Walter Murch and Staying the Fuck Out of the Wides

A recent viewing of The Assassination of Chicago’s Mayor elicited the suggestion our wide shots were doing our film a disservice. Using wide shots in the middle of a scene is risky business. Walter Murch explains it better than I can:

“What we (the audience) do seem to have difficulty accepting are the kind of displacements that are neither subtle nor total: Cutting from a full-figure master shot, for instance, to a slightly tighter shot that frames the actors from the ankles up.”

Here are 4 stills, in order, from The Assassination of Chicago’s Mayor where I intentionally violate this:





Murch draws the analogy to a beehive.  A beehive can be moved 2 inches or 2 miles every night and the bees have no problem.  The problem is when the hive is moved 2 yards.  It isn’t enough to compel the bees to reestablish their space, so they hover disastrously, lost, just yards away from where they were.
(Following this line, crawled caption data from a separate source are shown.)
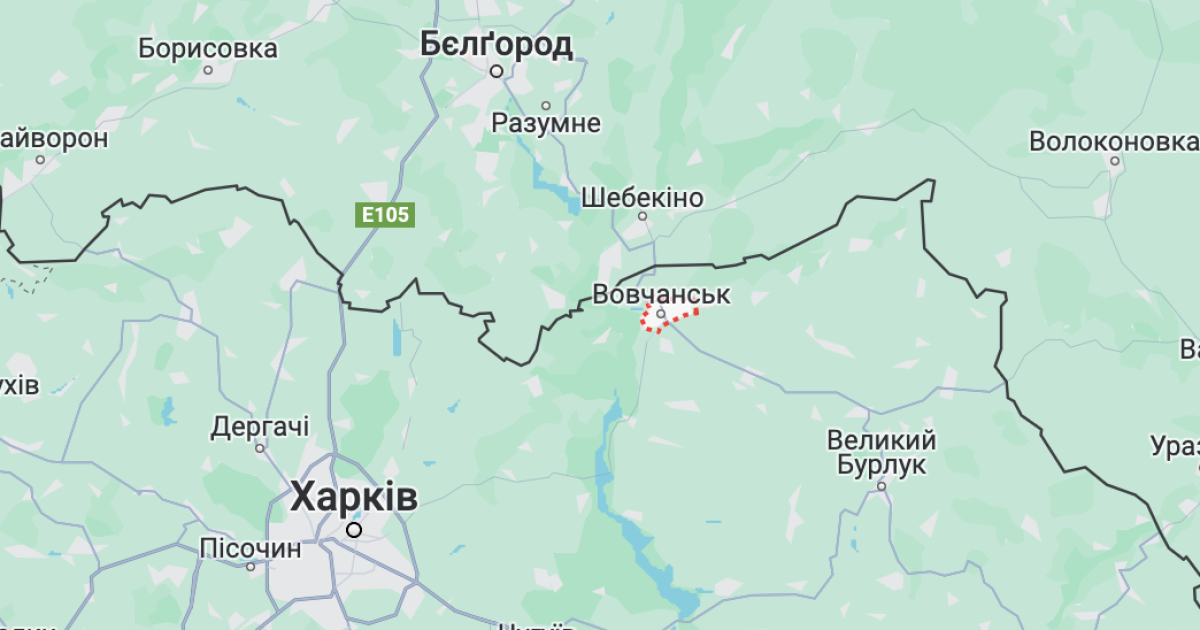 Місто Вовчанськ на мапі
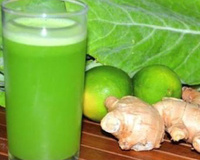 Suco de couve com laranja e gengibre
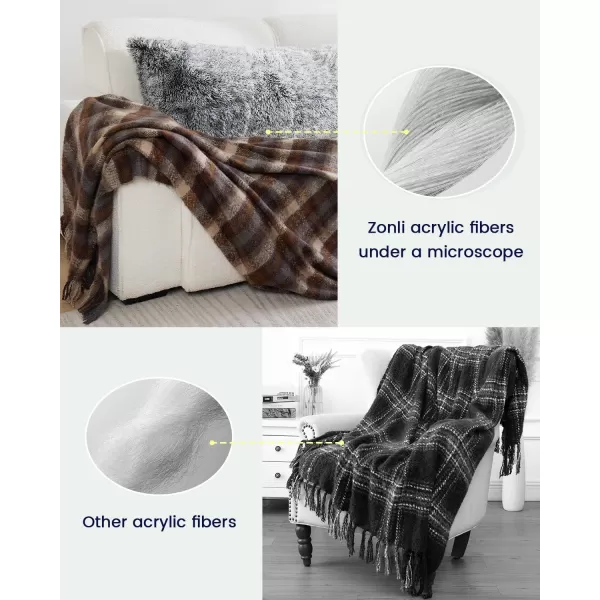 ZonLi Brown Throw Blanket 50quot x 60quot Fall Decorative Classic Blankets with Tassel for Couch Bed Sofa Chair Outdoor Cozy Warm Lightweight Blankets BrownBrown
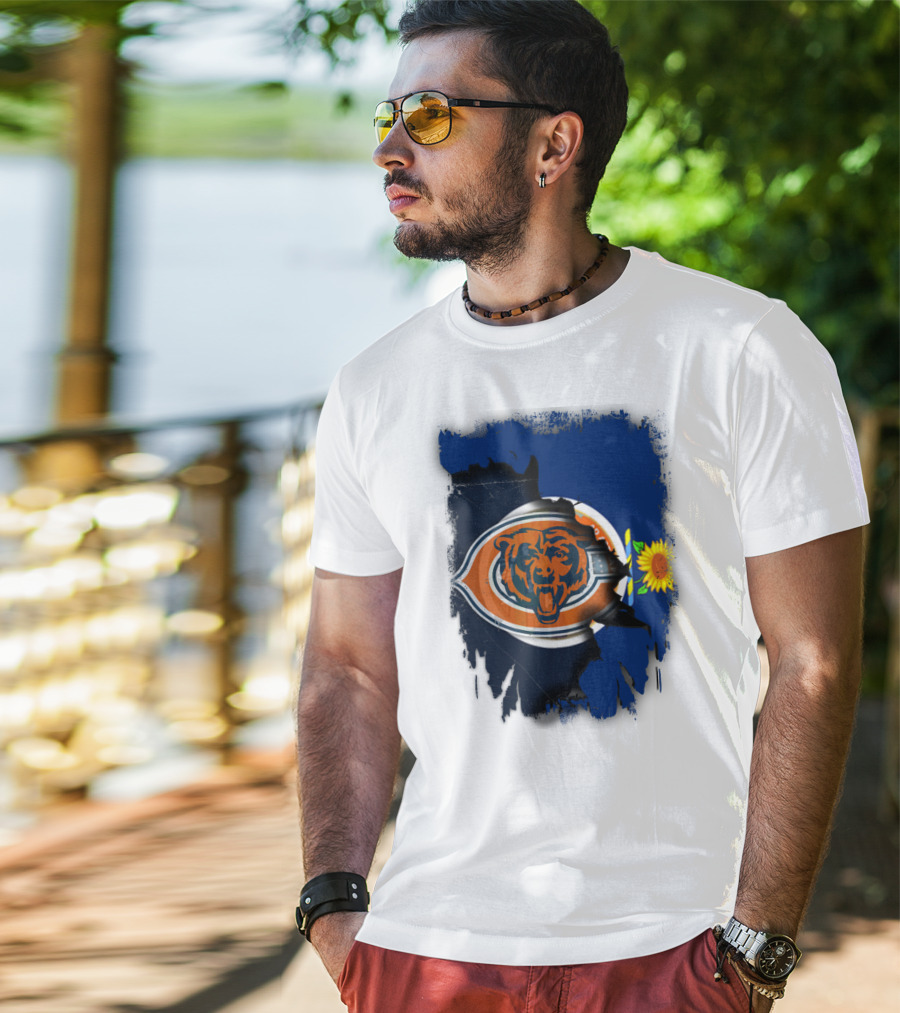 Kansas Sunflower With Chicago Bears T-Shirt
In terms of the edit, audiences can accept a major jump in time and place just as naturally as they accept a minor jump between close ups.  The trouble comes when the framing is dramatically different between two shots but the scene progresses only marginally.  It is jarring.

I intentionally dropped the audience in the film with as little information as possible.  The time and place are irrelevant because the theme of the film - who determines what is sane and what is just - are issues that we face today.  There are no traditional establishing shots early on.

I shot wide shots to use later in the film.  I wanted to invert the common technique of starting wide, establishing the scene, and then moving into the intimate details.  Our main character, Prendergast, does not understand the “insane” rules of the world in which he lives.  We go wide when we understand that the point of conflict cannot be resolved because the sane and the insane both have the same solution to the same problem: taking another human being’s life.  On one side it’s called murder. On the other it’s called justice.  That is the world.  That is our world.

Artists break rules.  We have to.  Otherwise the work will feel safe.  The success is determined by how it works against the audience’s expectations to inform them of something new, to expand their world and make their investment in your film worthwhile.  Thus far, my decision a few months ago is not panning out as I had planned - but there is still time.  Back to the edit!